製薬会社からアローアンスが支払われないとなれば、今後医薬品卸MSからの情報が途絶する可能性は十分に考えられます。医薬品卸は病院やクリニック、調剤薬局に医薬品を安定供給する、また最新の情報提供をいち早く行う、という使命を担っておりますが、営利企業でもあります。
元医薬品卸MSの立場から言わせて頂くと、アローアンス(利益)が出ないメーカーの品目はユーザーへ話もしないし、製薬会社MRにも情報提供しようとも思いません。
従来アローアンスは、メーカーからの軒数や数字(グロス)の詰めに対して支払われてきました。
しかし製薬会社各社がスペシャリティー化する中で、今後はこのスペシャリティー品目への情報提供(俗に言う行動フィー)に対してのアローアンスが支払われる方向に転換するのではないか?と言うのが私の推測です。
ただでさえ利益率が低い医薬品卸側としても、アローアンスをもらわなければ会社として成り立たなくなると言う事情も抱えておりますので、この辺りは今後医薬品卸側から製薬会社各社に対して、「我々はMRに対してこういう情報提供ができます。なのでそれに対する対価(アローアンス)をください!」という逆提案があるかもしれませんね。
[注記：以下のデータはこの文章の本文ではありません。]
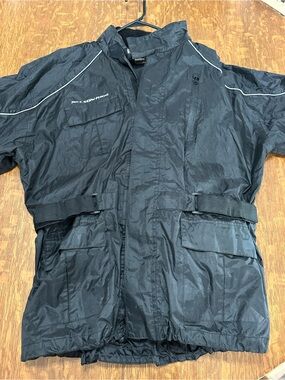 Nelson-Rigg 2-piece Motorcycle Rain Suit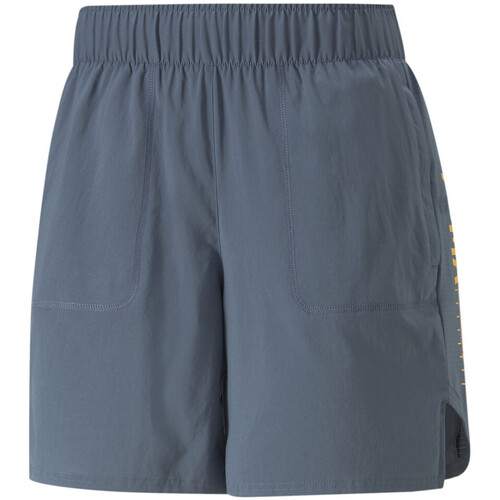 Kleidung Herren Shorts / Bermudas Puma 522416-18 Blau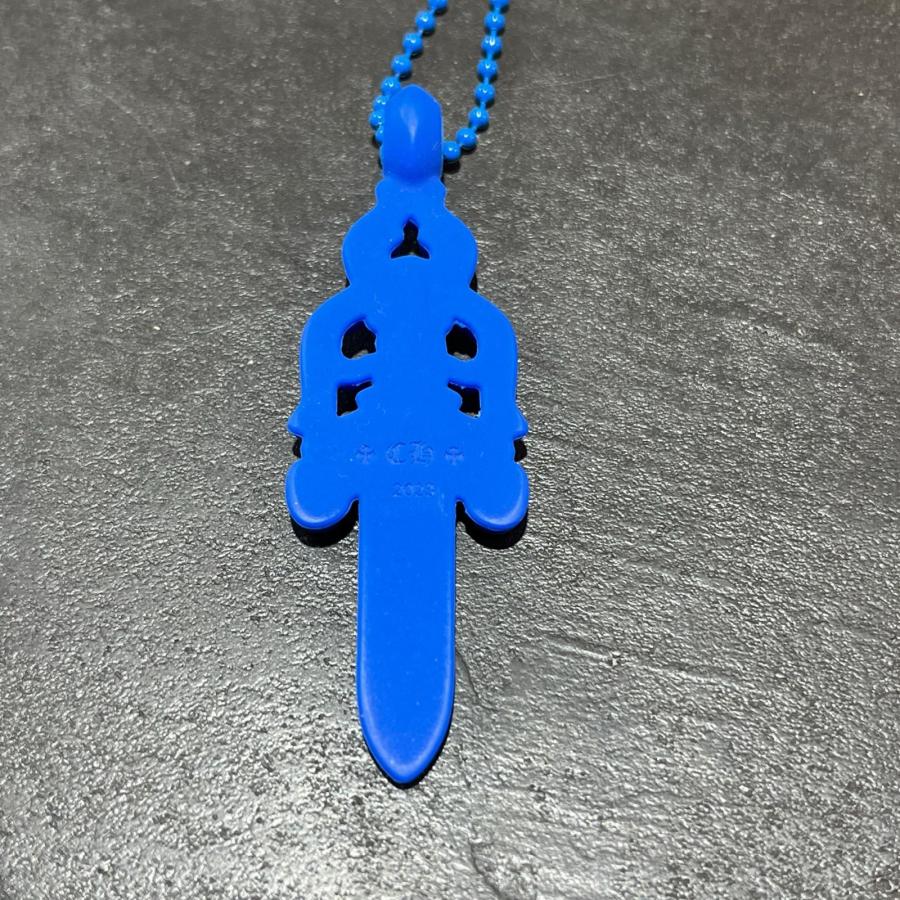 CHROME HEARTS ラバーネックレス シリコン ダガーネックレス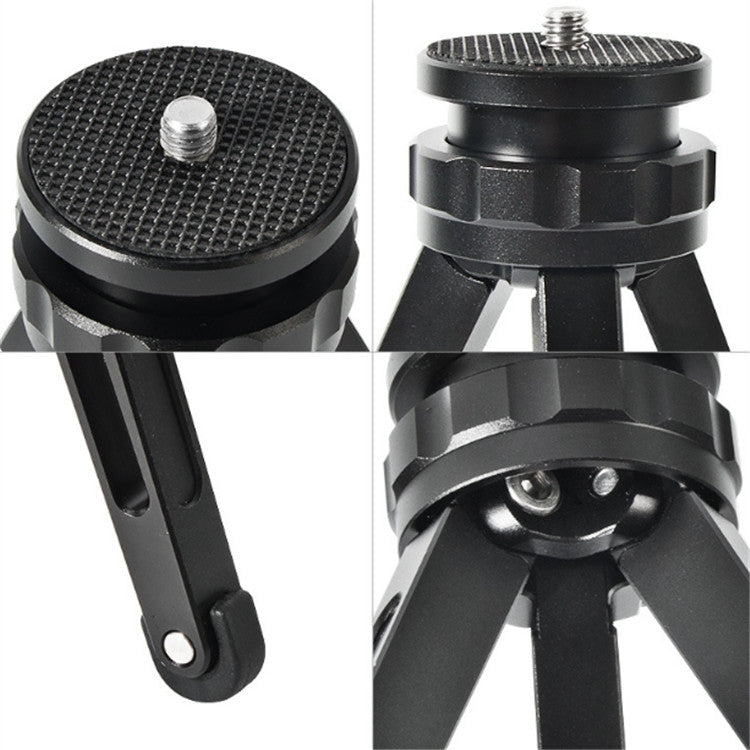 BEXIN Pocket Mini Metal ขาตั้งกล้องตั้งโต๊ะเมาขาตั้งกล้องถ่ายทอดสด, BEXIN Pocket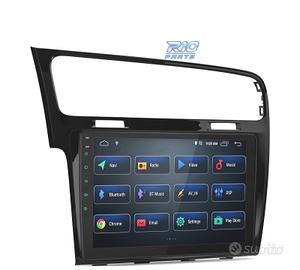 RADIO GPS ANDROID 12 PER VOLKSWAGEN VW GOLF 7 HDMI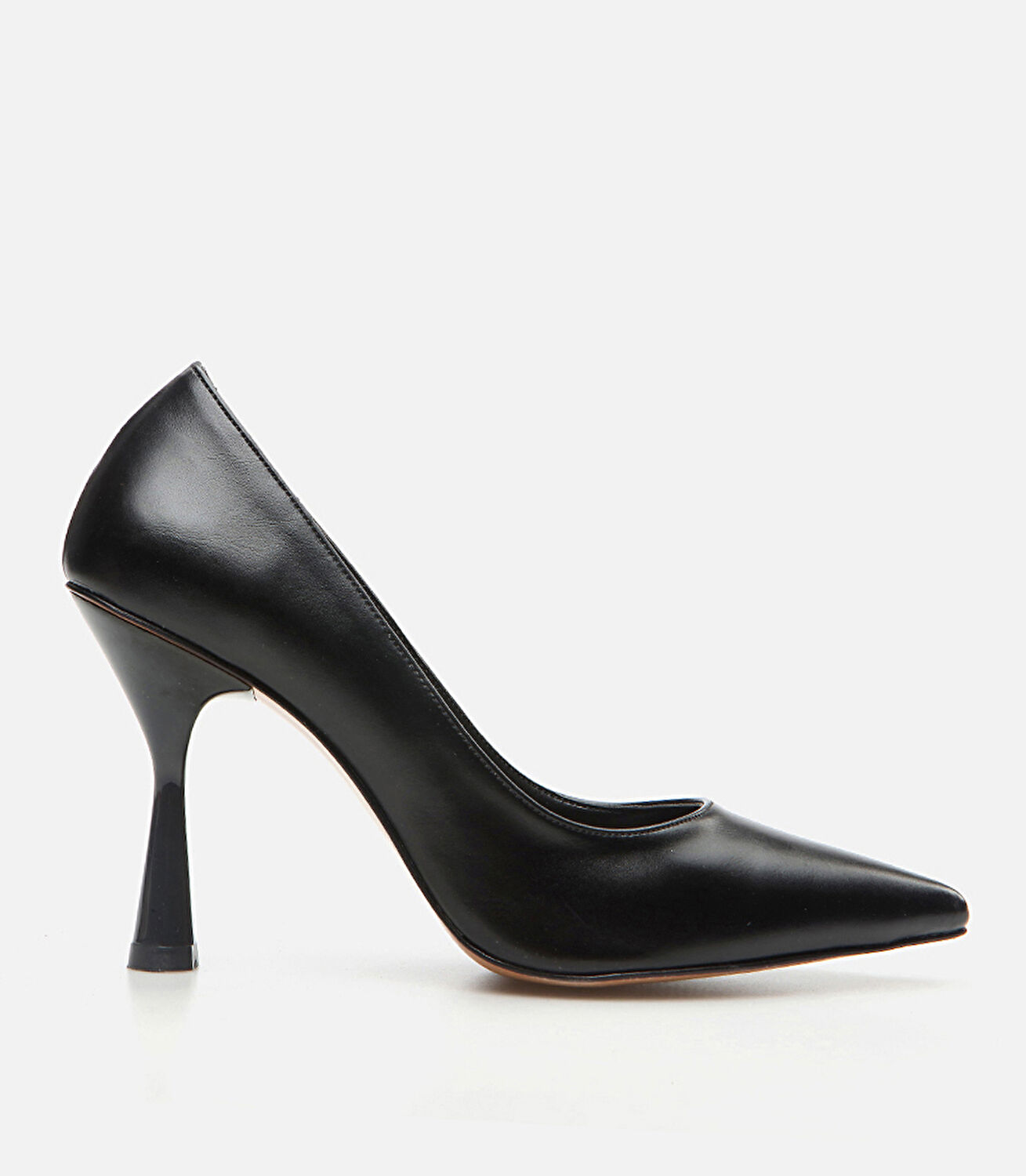 Siyah Kadın Stiletto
日本ベーリンガーインゲルハイムも取引卸絞り込みか? まとめ
今回の日本ベーリンガーインゲルハイムのアローアンス廃止について、日本ベーリンガーインゲルハイムサイドとしては「卸の絞り込み」は否定しているようです。
しかしアローアンスを支払わないで、ただ物だけ売ってください!では都合が良すぎます。そうは問屋は卸しません。
売っただけ赤字になる製品を扱うくらいなら、いっそのこと日本ベーリンガーインゲルハイムとの取引をやめてしまう医薬品卸も今後現れるかもしれませんね。今後の製薬会社各社と医薬品卸の対応から目が離せません。